The whole thing is a jumbled mess. The commercial is populated with understandably bad actors (SAG strike) and a crowd of inexplicably J.C. Penney T-shirted helpers outfitting the new parents' home with baby gear -- you know, the way J.C. Penney employees always do. Are they serious?

"We believe that these ads represent the spirit and enthusiasm of today's independent-thinking and savvy shoppers who will appreciate the assortment, style, quality and convenience of J.C. Penney," says a press-release quotation attrib- uted to, but likely never uttered by, DDB Chairman-CEO Keith Reinhard.

Well, what could he really say? Could he say that Penney's business is heading nowhere and this was the best the agency could do? That the latest in a series of attempts to equate Penney's with "style" is as hapless as all the previous ones? That the only interesting question raised by the campaign is whether the model in the introductory spot is the gorgeous Spanish actress Penelope Cruz, or just a dead ringer? (Answer: B).

That spot shows the model striding through the city looking confident and babe-o-licious in a magically changing assortment of Penney's garments. Every time she spins, or is passed by a bus or goes behind a pole, a different outfit materializes. The effect is a bit rougher than it should be, considering the digital state of the art, but the clothes look OK.

Of course they look OK. This woman would look good in a drop cloth. What they don't look is spectacular.
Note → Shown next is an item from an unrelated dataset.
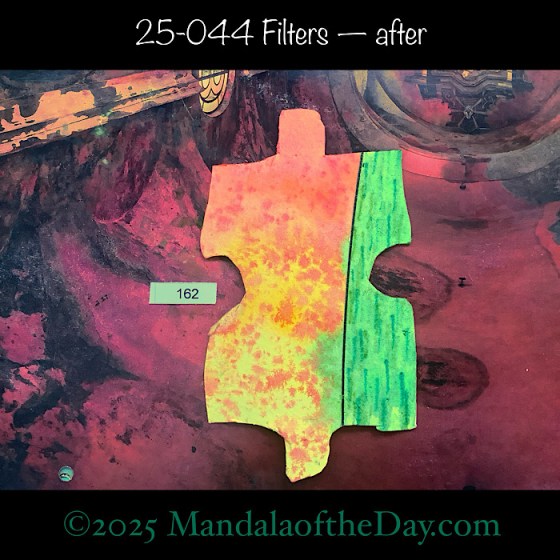 MotD 25-044 Filters — after. Painted front view of Puzzle Piece No. 162. with colors of yellow, orange, red, and greens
Whereas such retailers as Target and Ikea have figured out that "low-priced" doesn't have to mean "crappy looking," Penney's has been slow to develop taste. Rather than stuffing 10 adequate outfits into a single spot, with too little time for any single one to make an impact, why not choose a few surprising highlights and let the viewer be wowed by their stunning non-Penneyness?

The ostensible explanation for the Big Variety approach is the research, which reveals that "today's independent woman" wants to express herself by defining her own fashion. Now there's a watershed consumer insight. See? "It'sallinside" means it's what's inside that counts -- so maybe it doesn't matter that your T-shirt has a J.C. Penney logo on it.

It'sallsobizarre -- not least of which is the pronouncement issued in that same press release, and we hope you're sitting down for this one: "The days when fashion can dictate what women wear are over."

That, needless to say, is the most ludicrous example of wishful thinking since Neville Chamberlain got back from Germany. But, we'll concede this: if the statement ever comes true, J.C. Penney is extremely well-positioned for the future.